Okay, actually, when I try that on my 10.5 machine, arch does allow me
to specify the architecture under which to run another command.
Interesting. However, the man page on Leopard still doesn't mention
anything about this capability, although if you give it just the
"right" invalid syntax (or "arch -h"), the usage will give you limited
information on this feature. Is this documented anywhere?
I really am trying to be diligent about searching around and figuring
things out on my own before posting here, but this seems to be another
one of these hidden features which I would never have been able to
discover by following any of the standard "read the documentation that
came with the software" or "read the man page" mantras, not unlike the
@loader_path and @rpath options.
I suppose this "arch" trick might be useful if I were building a PPC-
only executable from an Intel machine running Leopard, but it
obviously doesn't help me at all when I'm building for Intel on a
PowerPC machine. There still seems to be a crack in Xcode's "build on
any architecture for any architecture" theory.

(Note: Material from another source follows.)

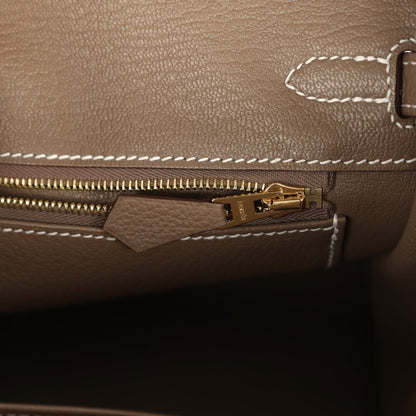 Hermès Birkin 25 handbag close-up of gold zipper and leather pull tab inside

You could use lipo to extract the PPC portion of the binary which
then (of course) has to be run through Rosetta on Intel boxen.
Yeah, I suppose I could do something even more complicated, depending
on the architecture on which I'm building. But that's not exactly
what I was hoping for. I just want to be able to link and load a
third-party framework from my bundle without becoming an expert on all
these low-level tools and the inner workings of the dynamic linker.
That's why I'm using an IDE in the first place.